High-affinity CD8 variants enhance tetramer binding to primary CD4⁺ and CD8⁺ T cells transduced with cognate TCRs

In further experiments, we isolated peripheral blood mononuclear cells (PBMCs) from three healthy adult donors and purified CD4⁺ and CD8⁺ T cells via magnetic separation. We then transduced these lineage-defined subsets with the 1E9 TCR, the KL14 TCR, or an HLA-A2-restricted TCR specific for the NLVPMVATV epitope (CMV TCR) derived from the human cytomegalovirus (HCMV) protein pp65 (residues 495–503), which exhibits a relatively high equilibrium binding affinity for NLV/HLA-A2 (K_D = 6.3 µM at 25°C) (32). Transduced CD4⁺ and CD8⁺ T cells were enriched via magnetic separation based on expression levels of the murine TCRβ constant region (mTCR) and subsequently transduced with vectors encoding CD8αβ containing either wild-type or mutated forms (S53G or S53N) of the CD8α chain alongside the expression marker NGFR. The uptake of fluorescent tetrameric antigens from solution was measured via flow cytometry and expressed as the fold change in geometric mean fluorescence intensity among cells expressing high levels of NGFR versus cells lacking expression of NGFR.

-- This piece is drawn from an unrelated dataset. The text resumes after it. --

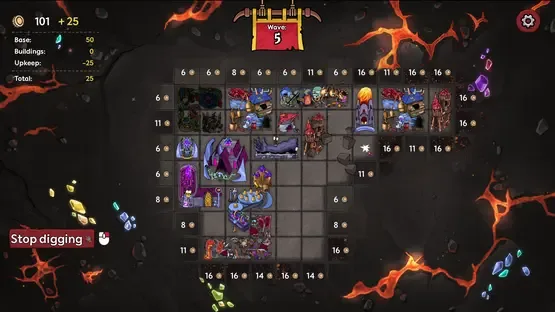 Packed Lair screenshot 8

The high-affinity variants S53G and S53N only marginally enhanced tetramer staining among CD8⁺ T cells expressing the CMV TCR relative to wild-type CD8. In contrast, the S53G variant enhanced tetramer staining among CD8⁺ T cells expressing the KL14 TCR relative to wild-type CD8, and the S53G and S53N variants both enhanced tetramer staining among CD8⁺ T cells expressing the 1E9 TCR relative to wild-type CD8 (Fig. 3E). All three coreceptor constructs enhanced tetramer staining among CD4⁺ T cells, which lack endogenous CD8. The S53N variant also enhanced tetramer staining among CD4⁺ T cells expressing the 1E9 TCR relative to wild-type CD8 (Fig. 3F).

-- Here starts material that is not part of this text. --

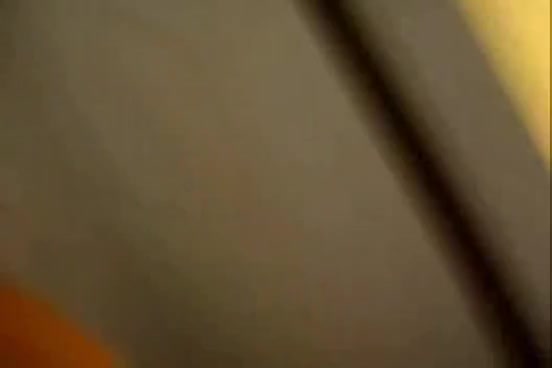 Young blonde babe bored by TV, starts to suck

Overexpression of CD8 enhances the functionality of primary CD8⁺ T cells transduced with cancer-targeting TCRs

To extend these findings, we examined the effector functions of primary CD8⁺ T cells transduced as above with CD8αβ containing either wild-type or mutated forms (S53G or S53N) of the CD8α chain alongside the 1E9 TCR, which has been shown to exhibit relatively weak recognition of target cell lines expressing low levels of CD20 (29, 31). Transduced cells were purified via FACS to express high levels of NGFR, thereby maximizing the expression ratio of exogenous versus endogenous CD8 (Fig. S3A). The introduction of either wild-type or mutated CD8 enhanced the production of interferon (IFN)-γ by 1E9 TCR-transduced primary CD8⁺ T cells cocultured with K562 HLA-A2+CD20 cells but not with K562 HLA-A2 cells, indicating an effect specific for CD20 (Fig. S3B). Similarly, the introduction of either wild-type or mutated CD8 enhanced the production of IFN-γ by KL14 TCR-transduced primary CD8⁺ T cells cocultured with UM3 cells, U266 cells, or Raji HLA-A2+CTAG1 cells but not with Raji HLA-A2 cells, indicating an effect specific for CTAG1 (Fig. S3C). No differences in the magnitude of these effects were observed among the different forms of CD8 (Fig. S3, B and C).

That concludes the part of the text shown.